Harry Kesten's 80th birthday

Sunday 20 November 2011
Malott Hall 406, Cornell University

Accommodation and Dinner

Rooms are being held at the Holiday Inn, Ithaca, and participants are invited to make their own reservations.
A special rate of $129 + tax is available on quoting “Harry Kesten Conference”.

There will be a special dinner for Harry after the lectures on 20 November. Please email Geoffrey Grimmett as soon as possible if you wish to attend.
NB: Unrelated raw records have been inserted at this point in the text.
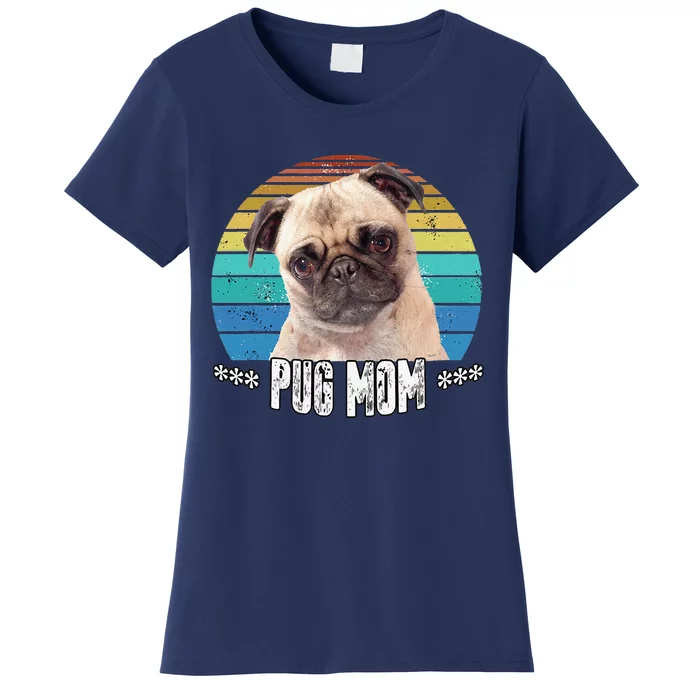 Pug Mom Mama Mothers Day Gift Cute Dog Women's T-Shirt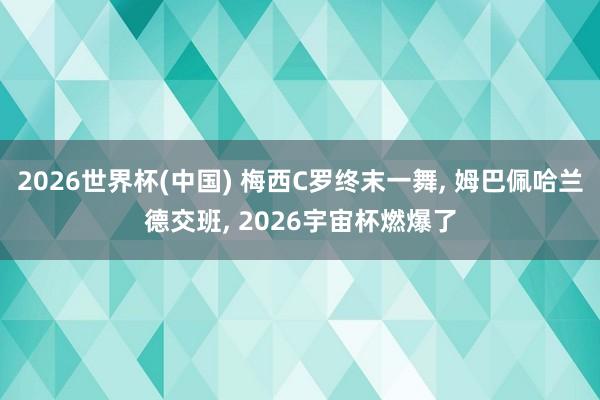 2026世界杯(中国) 梅西C罗终末一舞, 姆巴佩哈兰德交班, 2026宇宙杯燃爆了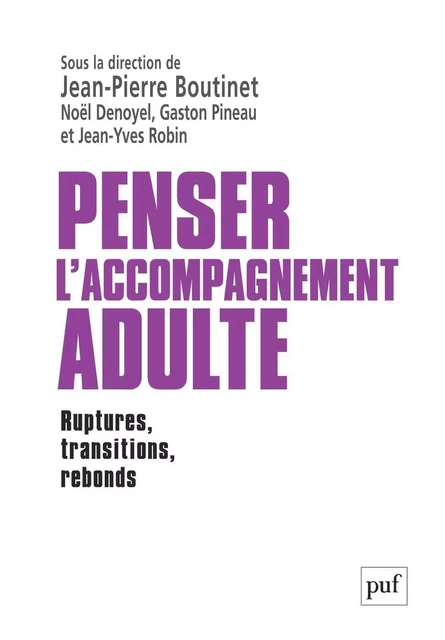 Penser l'accompagnement adulte - Jean-Pierre Boutinet, Gaston Pineau, Noël Denoyel - Humensis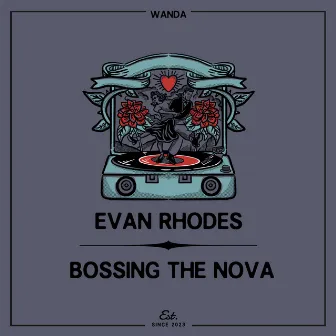 Bossing The Nova by Evan Rhodes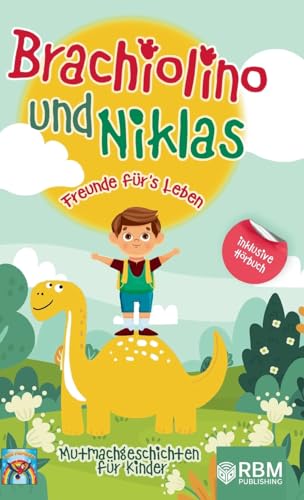 Brachiolino und Niklas - Freunde fürs Leben: Mutmachgeschichten für Kinder ab 6 Jahren. inkl. Hörbuch! Dinosaurier Geschichten für Erstleser. Dinosaurier Buch für die Vor- und Grundschule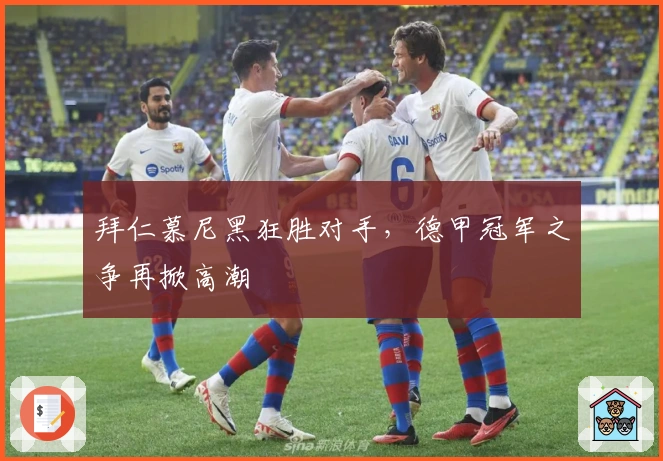 拜仁慕尼黑狂胜对手，德甲冠军之争再掀高潮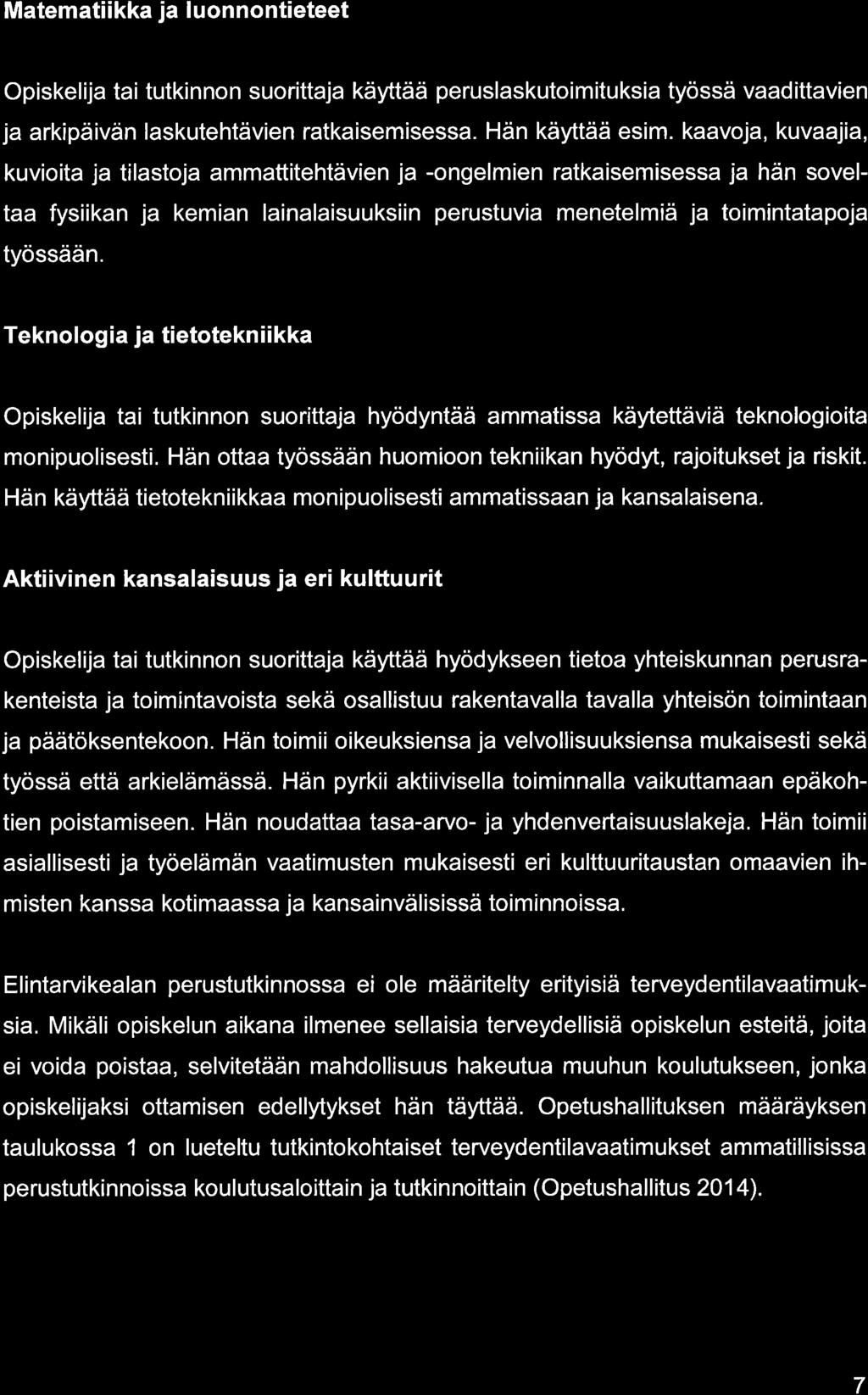 Mtemtiikk j I uonnontieteet Opiskelij ti tutkinnon suorittj käyttää peruslskutoimituksi työssä vdittvien j rkipäivän lskutehtävien rtkisemisess. Hän käyttää esim.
Places are limited, and it may not be possible to accommodate people who give insufficient notice.


10.30–10.45 Laurent Saloff-Coste, Cornell University
10.45–11.30 Vladas Sidoravicius, IMPA (Chair: LSC)
Percolation of words
11.30–12.15 Hugo Duminil-Copin, Geneva University
Near-critical random-cluster model: beyond the pivotal sites phenomenon
In 1980, Kesten proved that the critical value of bond percolation on the square lattice equals 1/2. The proof harnessed a clever estimation of the number of pivotal sites for crossing events. It enabled the study of the probability of these crossing events with respect to the edge-parameter p. Seven years later, Kesten rigorously proved a relation between the probability of being pivotal and the so-called correlation length of percolation. We shall discuss similar questions in random-cluster models on the square lattice.
12.15–13.30Lunch, Mathematics lounge, Malott Hall
13.30–14.15 Lionel Levine, Cornell University (Chair: GRG)
Logarithmic fluctuations from circularity
Starting with n particles at the origin in Zd, let each particle in turn perform simple random walk until reaching an unoccupied site. Lawler, Bramson and Griffeath proved that with high probability the resulting random set of n occupied sites is close to a ball. We show that its fluctuations from circularity are, with high probability, at most logarithmic in the radius of the ball, answering a question posed by Lawler in 1995. Our proof uses a type of martingale pioneered by Harry Kesten in his work on DLA. Joint work with David Jerison and Scott Sheffield.
14.15–15.00 Rick Durrett, Duke University
The evolving voter model
In the evolving voter model we choose oriented edges (x,y) at random. If the two individuals have the same opinion, nothing happens. If not, x imitates y with probability 1-α, and otherwise severs the connection with y and picks a new neighbor at random (i) from the graph, or (ii) from those with the same opinion as x. One model has a discontinuous transition, the other a continuous one.
15.15–16.00 Geoffrey Grimmett, Cambridge University (Chair: VS)
Bond percolation on isoradial graphs
Special properties of isoradial embeddings of planar graphs will be discussed in the context of bond percolation. Subject to natural conditions, such models are critical and have certain features of universality. Joint work with Ioan Manolescu.
16.00–16.45 Stanislav Smirnov, Geneva University
Percolation as a noise
Boris Tsirelson conjectured that planar percolation can be thought of as noise, or a continuous product of probability spaces, and pointed out that such noise would have to be “black”, or non-classical. We will discuss our proof with Oded Schramm that percolation is indeed a noise, and its possible consequences.
16.45–17.00 Laurent Saloff-Coste

Closing remarks
17.30–21.00 Dinner